### Materials provided
========================================

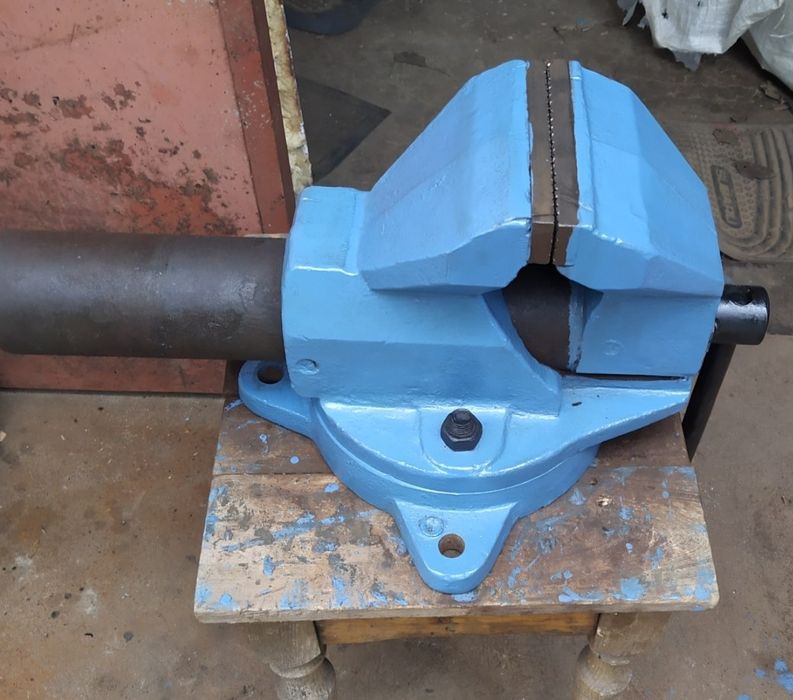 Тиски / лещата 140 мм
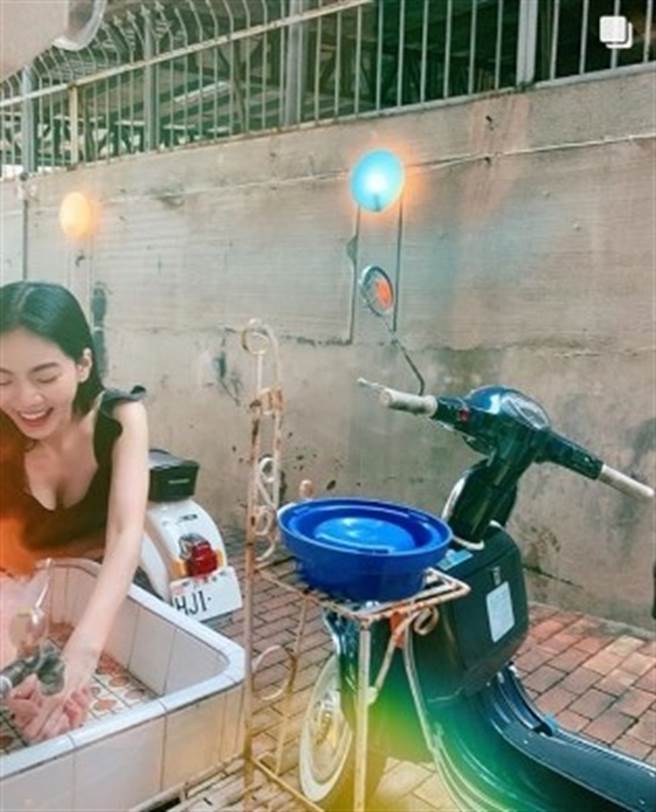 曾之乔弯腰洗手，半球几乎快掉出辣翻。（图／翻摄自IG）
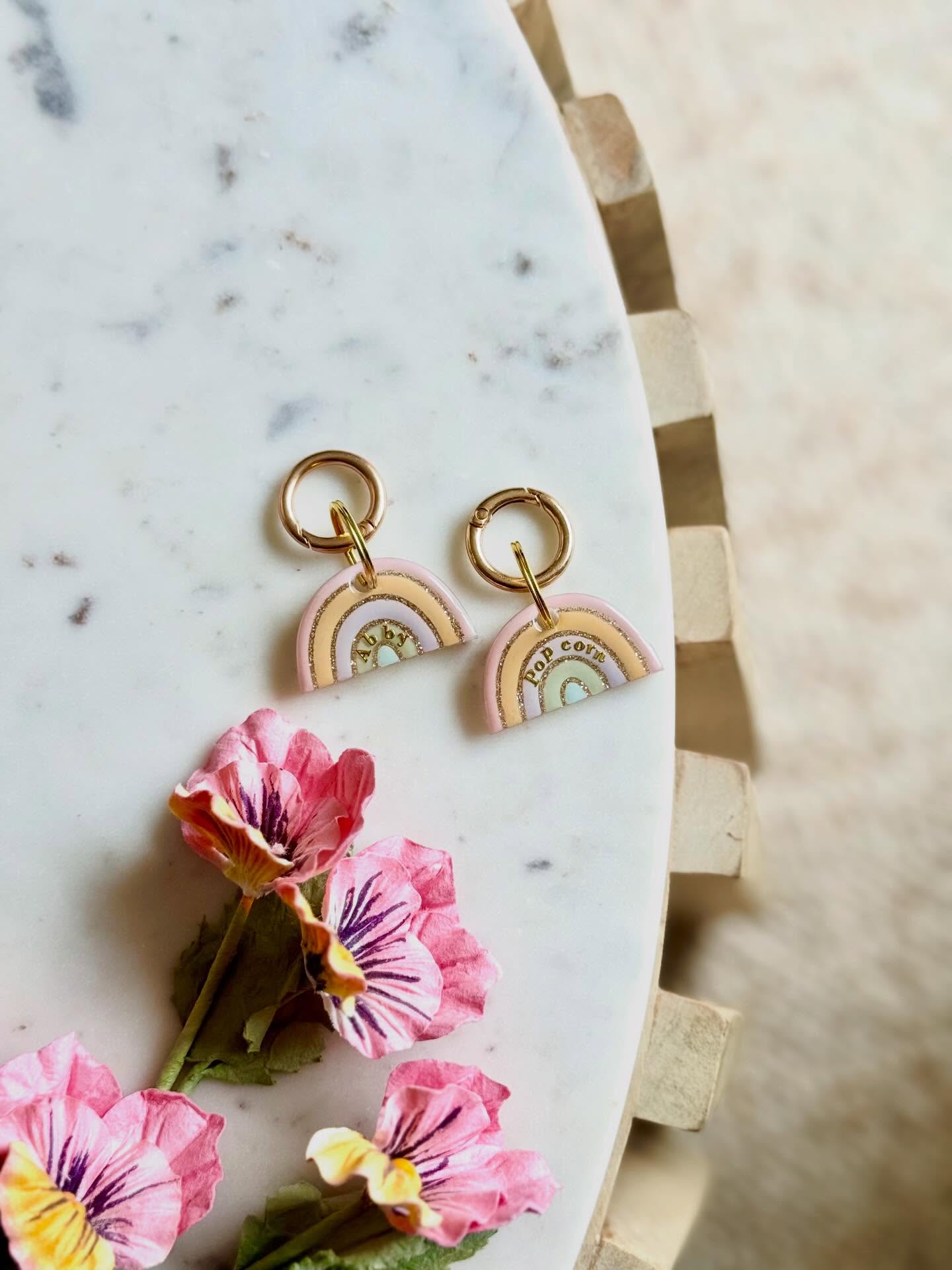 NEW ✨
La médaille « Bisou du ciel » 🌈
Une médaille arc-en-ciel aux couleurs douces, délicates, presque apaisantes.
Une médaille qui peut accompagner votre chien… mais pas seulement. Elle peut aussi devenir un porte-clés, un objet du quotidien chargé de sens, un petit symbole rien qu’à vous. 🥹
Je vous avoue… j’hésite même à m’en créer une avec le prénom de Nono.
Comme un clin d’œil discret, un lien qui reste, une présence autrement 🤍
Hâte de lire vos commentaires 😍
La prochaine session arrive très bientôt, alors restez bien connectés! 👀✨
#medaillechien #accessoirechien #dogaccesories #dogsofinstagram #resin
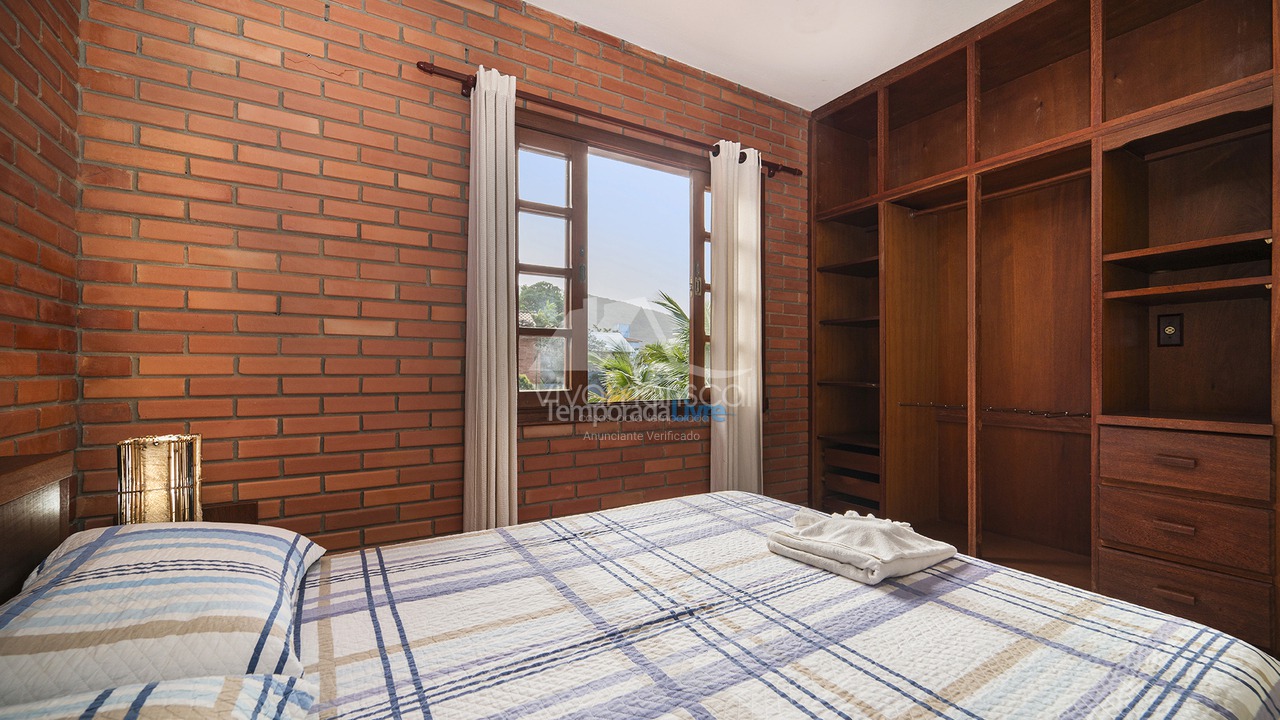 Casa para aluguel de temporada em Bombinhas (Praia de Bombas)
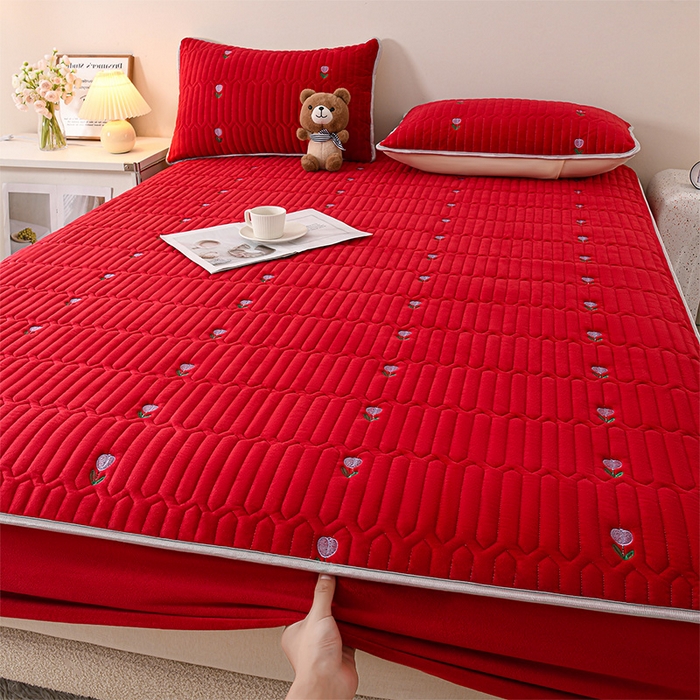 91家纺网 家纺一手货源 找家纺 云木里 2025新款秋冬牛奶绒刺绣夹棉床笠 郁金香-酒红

========================================

### Task directions
From the line with "Comme un clin" through the final line of the data above, copy everything exactly, both ends included, but not the pictures.

### Task answer
Comme un clin d’œil discret, un lien qui reste, une présence autrement 🤍
Hâte de lire vos commentaires 😍
La prochaine session arrive très bientôt, alors restez bien connectés! 👀✨
#medaillechien #accessoirechien #dogaccesories #dogsofinstagram #resin
 Casa para aluguel de temporada em Bombinhas (Praia de Bombas)
 91家纺网 家纺一手货源 找家纺 云木里 2025新款秋冬牛奶绒刺绣夹棉床笠 郁金香-酒红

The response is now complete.